◆ **TASK GOAL**
Omit the pictures and reproduce the rest of the listing exactly.

***** DATA PROVIDED *****

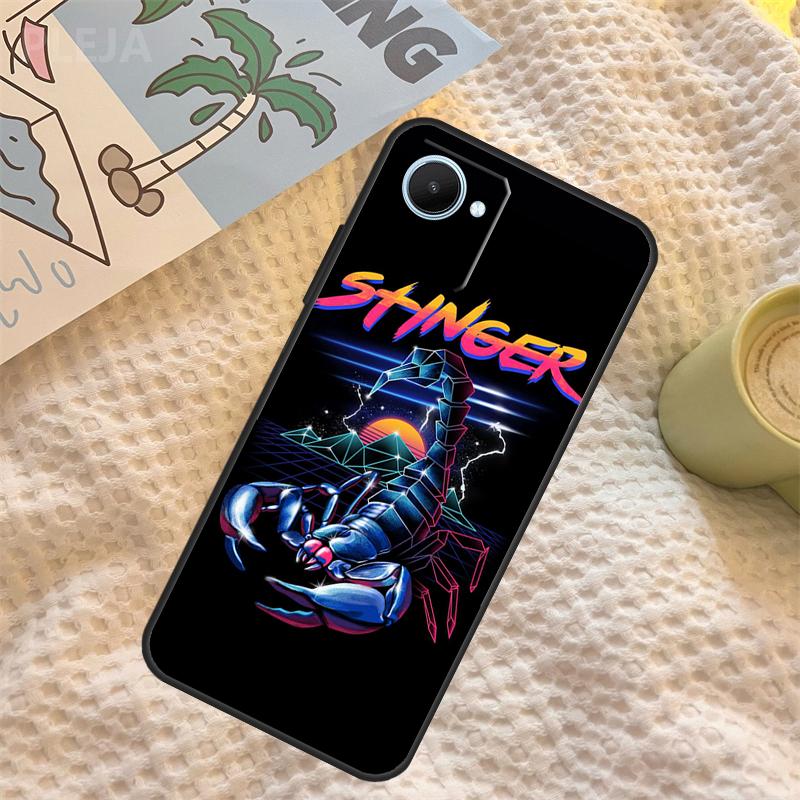 Чехол-Скорпион для Realme C67 C63 C55 C51 C75 C61 C53 C35 C65 C71 11 12 13 14 15 Pro Plus GT6 GT7 Pro
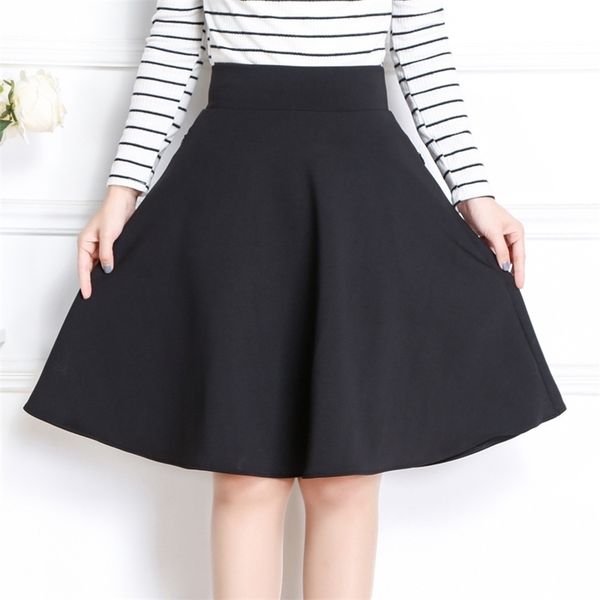 spring & autumn women midi skirt korean fashion slim pocket elastic high waist a line skirt plus size black skirt 210310
spring & autumn women midi skirt korean fashion slim pocket elastic high waist a line skirt plus size black skirt 210310
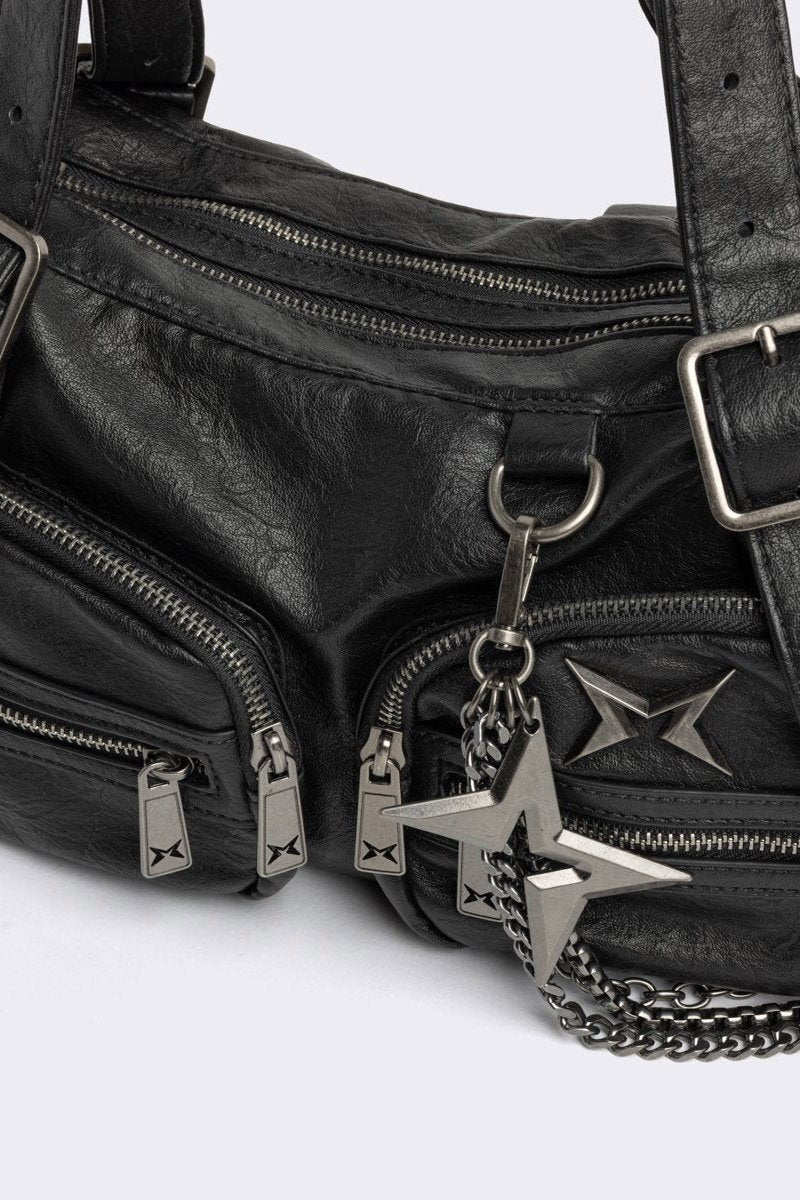 Soot Vegan Handtasche - Black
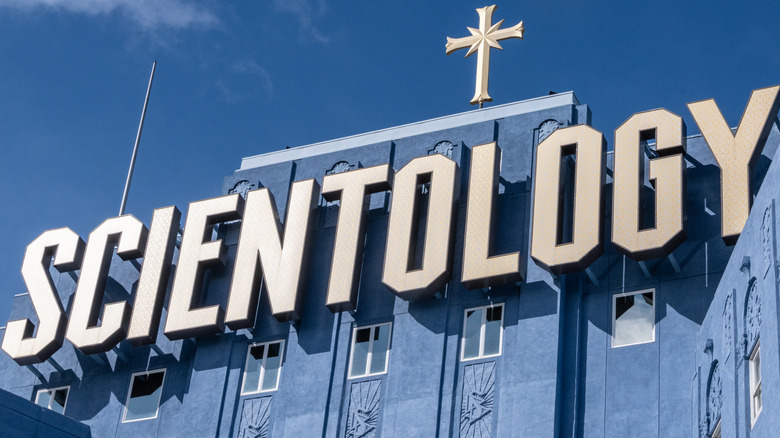 The front of a Scientology church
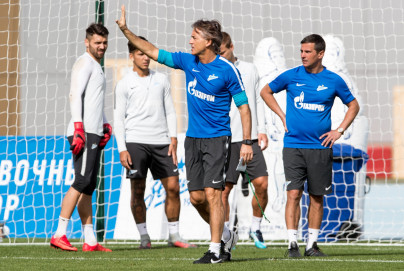 «Газпром»-тренировочные сборы в Дубае: 22 января, утренняя тренировка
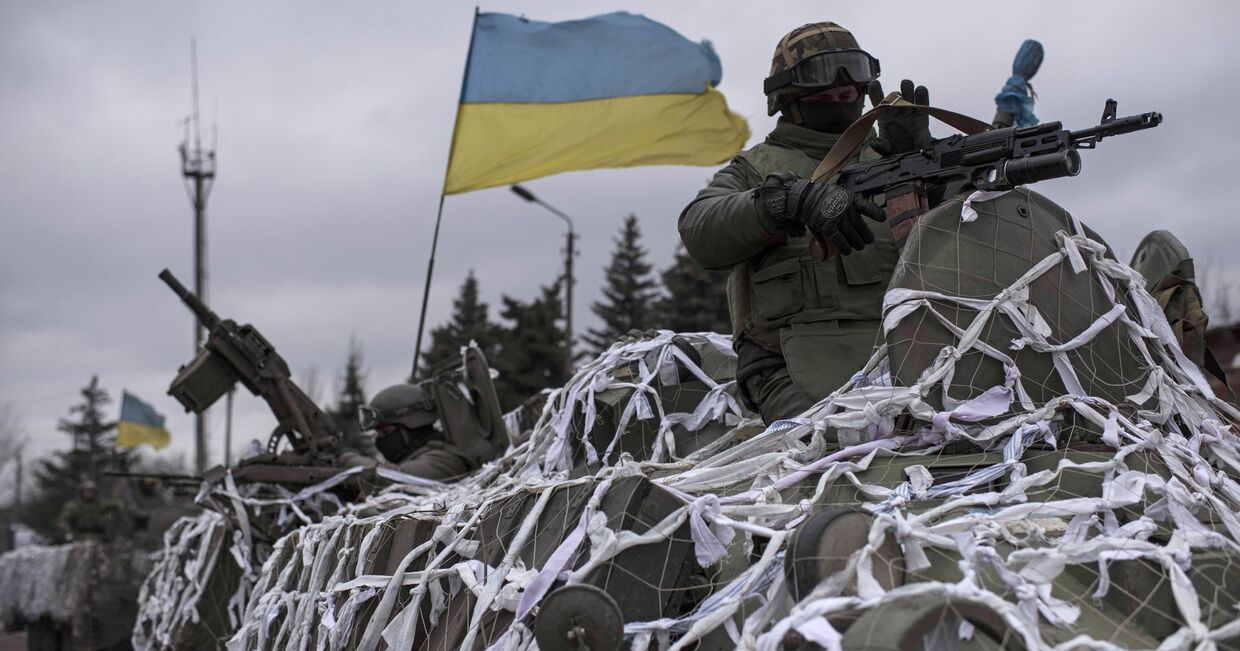 Украинские солдаты на окраине Артемовска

*****

◆ **WRITTEN ANSWER**
 Чехол-Скорпион для Realme C67 C63 C55 C51 C75 C61 C53 C35 C65 C71 11 12 13 14 15 Pro Plus GT6 GT7 Pro
 spring & autumn women midi skirt korean fashion slim pocket elastic high waist a line skirt plus size black skirt 210310
spring & autumn women midi skirt korean fashion slim pocket elastic high waist a line skirt plus size black skirt 210310
 Soot Vegan Handtasche - Black
 The front of a Scientology church
 «Газпром»-тренировочные сборы в Дубае: 22 января, утренняя тренировка
 Украинские солдаты на окраине Артемовска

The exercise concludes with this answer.